Houses are a patchwork of plaster and boards, weird angles and tucked-away spaces. We inhabit them, moving through their spaces on an everyday journey. We take for granted their solidness and rail against their flaws.

Yesterday I hit my toe on a board that separates the original living room from the laundry and bathroom wing. At one time our small house had one bathroom with three kids, so we ripped out a window to make a doorway and at our pace added a laundry room and bath. The doorway into this new space needed to bridge the old to the new, so a temporary board was attached to smooth the way. That board is still there.

I don’t hate this board. Most days I don’t notice it. When I do something dumb — like trip over it — then my mind goes all sorts of places.

“Why is this board still here?” I’ll yell to my husband as he flips down the magazine he’s paging through to look at me. The smile on his face infuriates me until it doesn’t. The board is smooth and kind of cool-looking, and like I said, I never notice it’s there until I do.

There is much to fix in our house: bits and corners that are unfinished, rough hidden drywall edges, raw wood, and sharp tile edges. There are several spots upstairs that need patching from minor leaks and painting that needs tending to. I wish I knew a good painter because I dislike painting.

We do most of the upgrading to our house by ourselves. My husband learned to do things on his own through trial and error, reinventing himself over and over until he became a master of repairing.

But something happened, though, as we got a bit older and less inclined to worry if something wasn’t “perfect” in the house. I knew that if given the chance to take a ride down back roads or paint a wall, I would always choose the ride.

We’d look at each other on a Friday night and knew we were hungry for our favorite restaurant, instead of working in the garden. To work on that garage project or hang together inside and watch movies while sitting on the floor on a blanket? Movies every time.

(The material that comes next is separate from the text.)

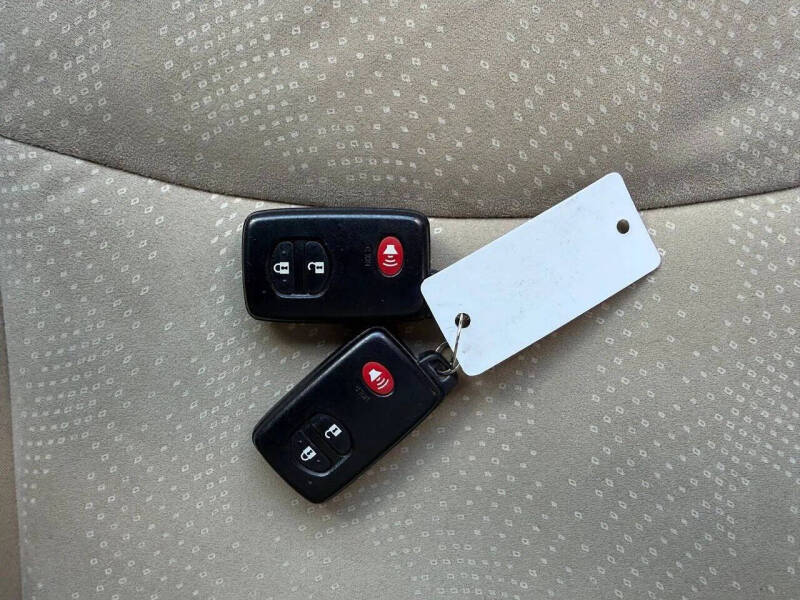 2012 Toyota Prius v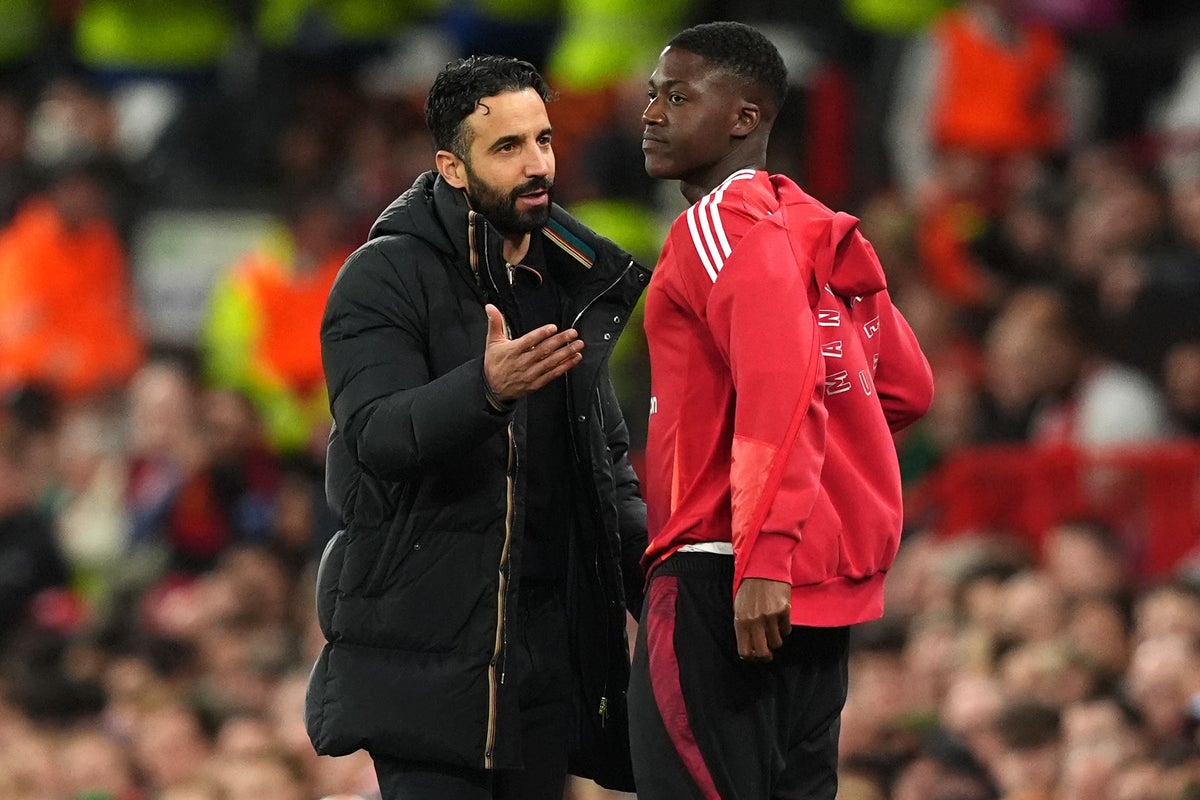 Ruben Amorim tells Kobbie Mainoo to ignore ‘nonsense’ and ‘fight’ for Manchester United place – UK Times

Don’t get me wrong. The work gets done. It just doesn’t get done as fast. It may take one year for me to finish my writing room upstairs because we went thrifting on weekends or I had lunch with my friends on a Saturday.

I’m not mad about it because life is way too short. To not have the fun and drama-free freedom to drop everything and go? No way. Our jobs are overwhelming during the week, and I’m doing good to get my yard mowed.

Most of the time we move through life with our own edges unsanded, exposed, and over time they become weathered with knowledge because we’ve let them age well.

It’s a knowledge that says your yard doesn’t have to be weed-eated to death and that a few weeds are fine, that those walls will eventually get painted and that I’ll move all my trinkets I’ve gathered and arrange them to my liking in my own writing space. It means that one day George will fix that darned board or maybe he won’t, and that’ll be fine.

Finished edges and smooth surfaces don’t equal happiness, and though it can be hard, my life is immensely pleasurable. And especially to me, knowing that I have unfinished things in my house means one thing: That I’m living.